_WHAT IS EXPECTED_
Repeat only the lines from the one that contains "Kelly Island Campground Picture 1" through the final line of the listing below, exactly, please, without pictures.

#### SOURCE DATA

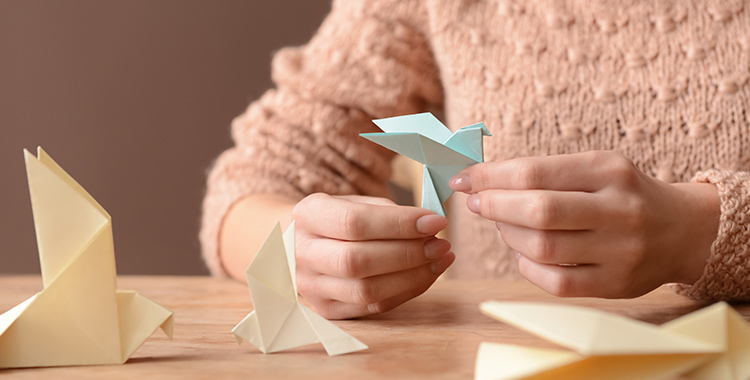 ideias de atividades manuais para relaxar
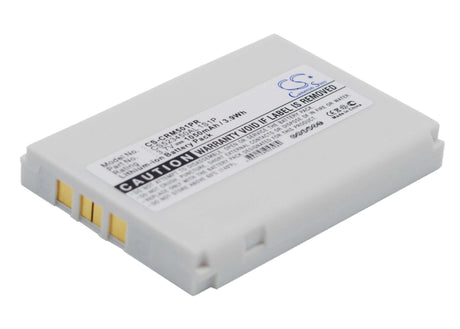 Battery For Criticalresponse, M1501, Reh-1501 3.7v, 1050mah - 3.89wh Pager Cameron Sino Technology Limited   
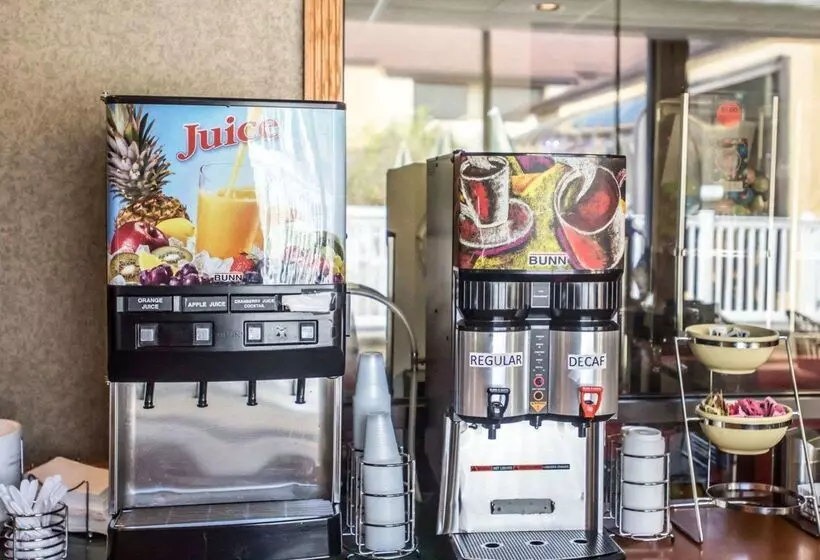 호텔 Quality Inn New Columbia Lewisburg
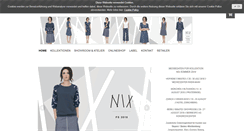 Desktop Screenshot of nix.de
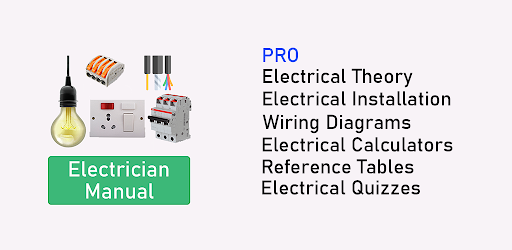 Electricians' Manual Pro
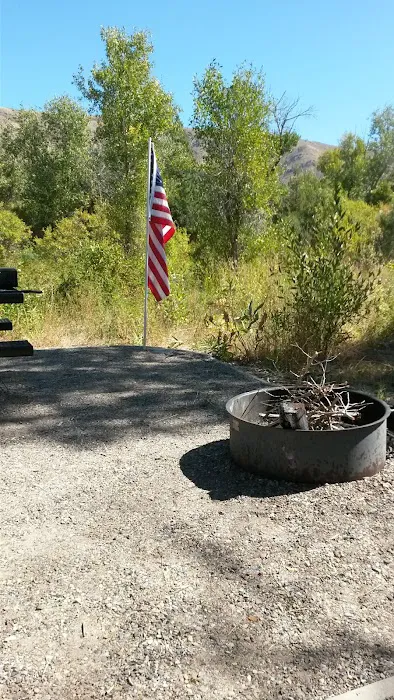 Kelly Island Campground Picture 1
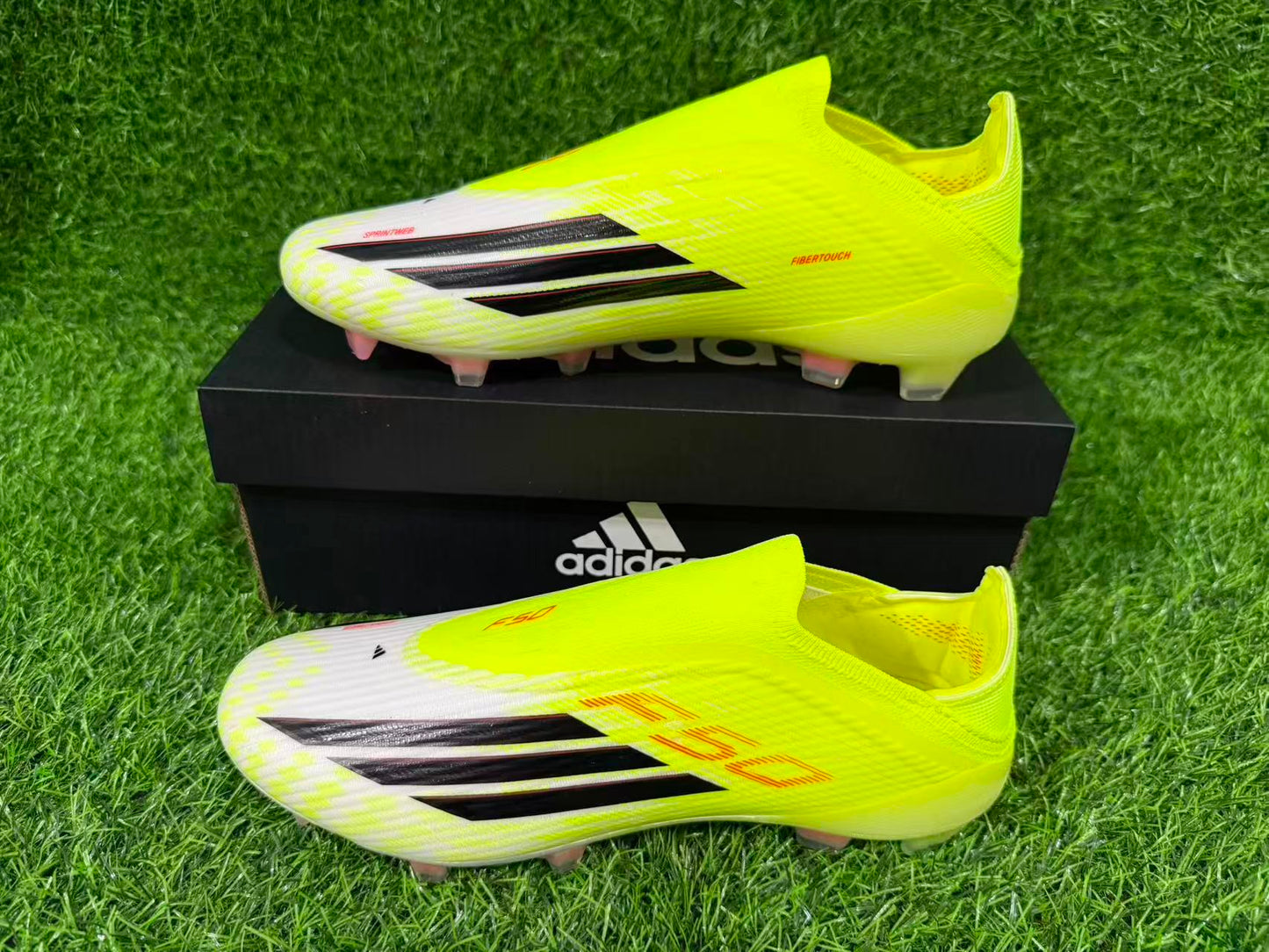 adidas F50 Elite Laceless FG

########

_WRITTEN RESPONSE_
 Kelly Island Campground Picture 1
 adidas F50 Elite Laceless FG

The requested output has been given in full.